Por otro lado, Dean aparcaba el Impala frente a una estación de bomberos, bajo un árbol. Se bajó mirando un papelito y se acercó. El primero el atenderle fue un hombre corpulento, que se acercó a él con seriedad.
—Estoy buscando a una Helen…—no alcanzó a leer el apellido del papelito arrugado cuando el comisario frente a él llamó con voz estridente.
— ¡Miyo! —
Una mujer de unos 25 más o menos, bajó por las escaleras con bastante ánimo. Una mujer bastante excéntrica en su forma de actuar, se notaba en su caminar.
— ¿Usted me busca? —
Bastante extrañado de su actitud, Dean sólo asintió. Sacudió un poco el cerebro y se concentró.
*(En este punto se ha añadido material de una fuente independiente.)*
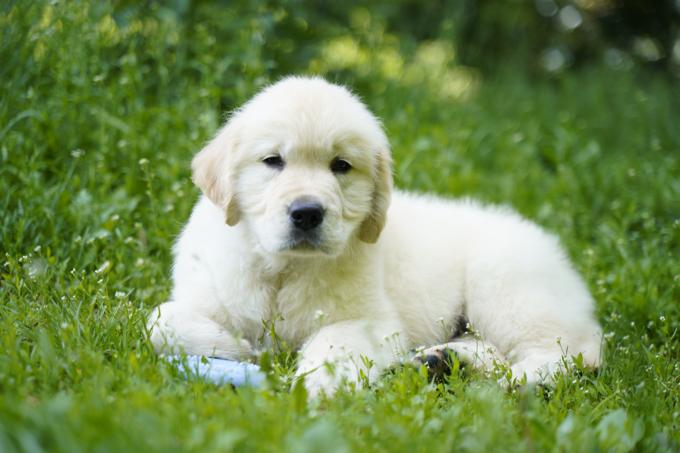 golden retriever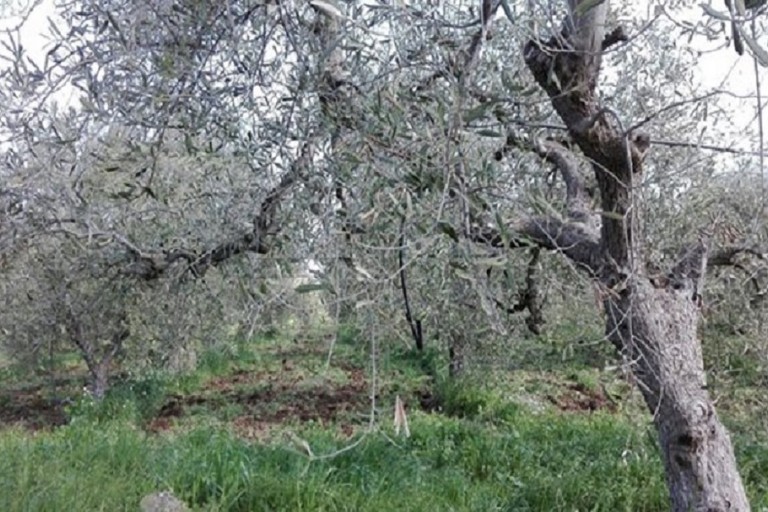 Xylella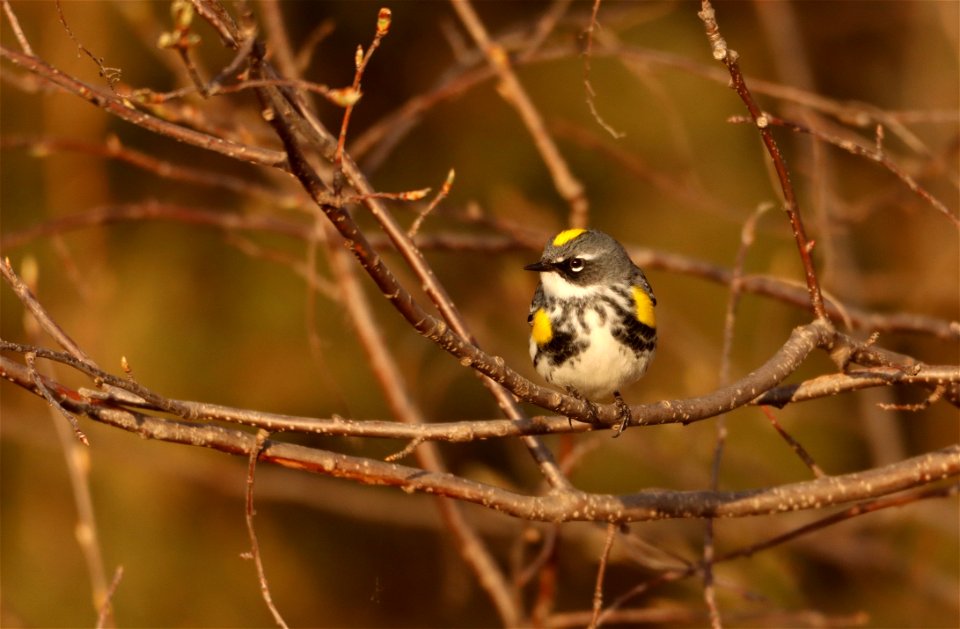 Yellow-rumped Warbler Huron WMD South Dakota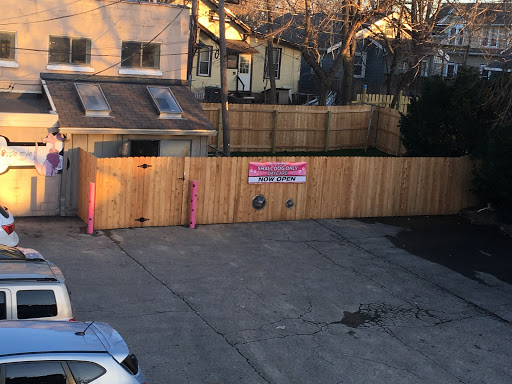 Pet Groomer «Doggie Style Bowtique», reviews and photos, 1713 Westport Rd, Kansas City, MO 64111, USA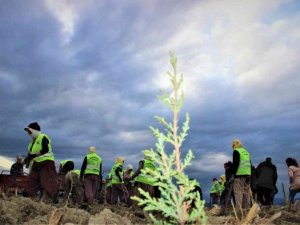 Kuruyan Marmara Gölüne hayat verecek proje başladı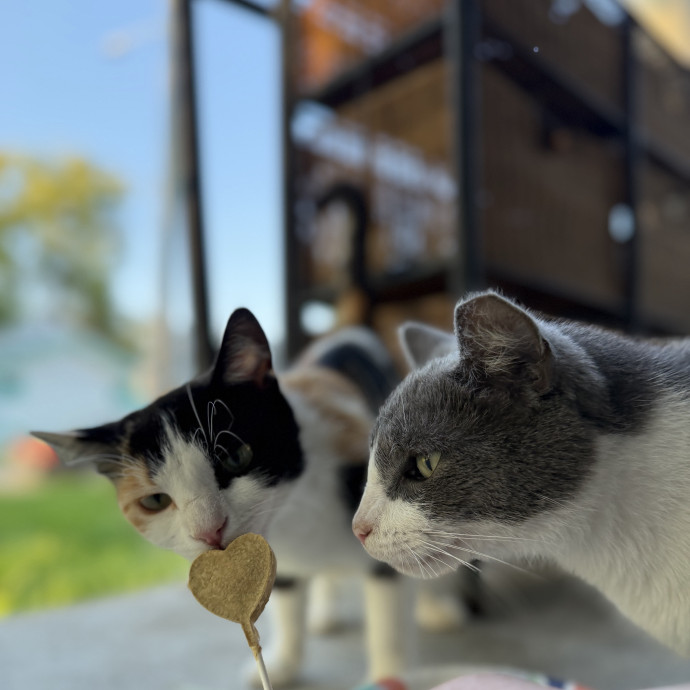 Julie's Purrfessional Cat Care
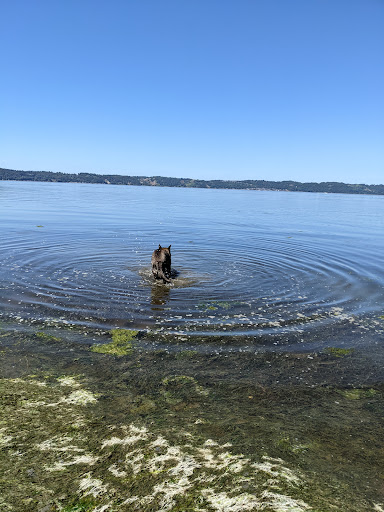 State Park «Dash Point State Park», reviews and photos, 5700 SW Dash Point Rd, Federal Way, WA 98023, USA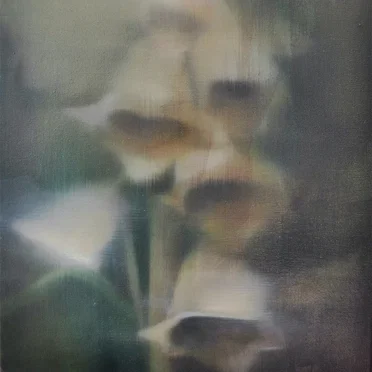 slowfoam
— ¿Usted encontró esta madrugada a alguien en la playa, verdad? —
—Oh, sí, cielos… ¿cómo está él? —
—Respirando gracias a una máquina, sedado y con huesos rotos. Pero según el médico va a mejorarse. Quise venir porque le agradecería si usted pudiese decirme algunas cosas sobre lo que sucedió cuando lo encontró… por muy raro que fuese—
—De raro, nada. Lo encontré a las 05:20, cuando venía a empezar mi turno. Vi que había alguien tirado boca abajo en la orilla de la playa, al lado de los maderos. Fui a verlo, porque supuse que pudo haber sido alguien atacado por algún drogadicto o alguien en estado de ebriedad. No estoy muy segura de si seguía despierto, tenía los ojos un poco abiertos pero al verme no hizo nada. Sangraba mucho, así que llamé a la ambulancia y me fui cuando lo subieron y se fueron, aunque parece que el panorama no era muy bueno cuando lo subieron a la ambulancia—
—No, no lo era. Pero estamos esperando a que despierte ¿Es todo lo que recuerda? ¿Segura? ¿No dijo algo que pudiera llamar la atención? —
—No, no dijo nada. Pero parecía adolorido. Y a decir verdad, algo asustado. Lo sostuve un momento, lo abrigué, no sé si aún tendrá mi chaqueta… y cuando llegaron los paramédicos no quiso soltarme. Lamento no poder ayudar más, pero es todo lo que recuerdo—
—Si recuerda algo más… sería de mucha ayuda si pudiese contactarme—en lugar de entregar una tarjeta del FBI o algo por el estilo, Dean anotó su propio número. Miyo sólo le sonrió.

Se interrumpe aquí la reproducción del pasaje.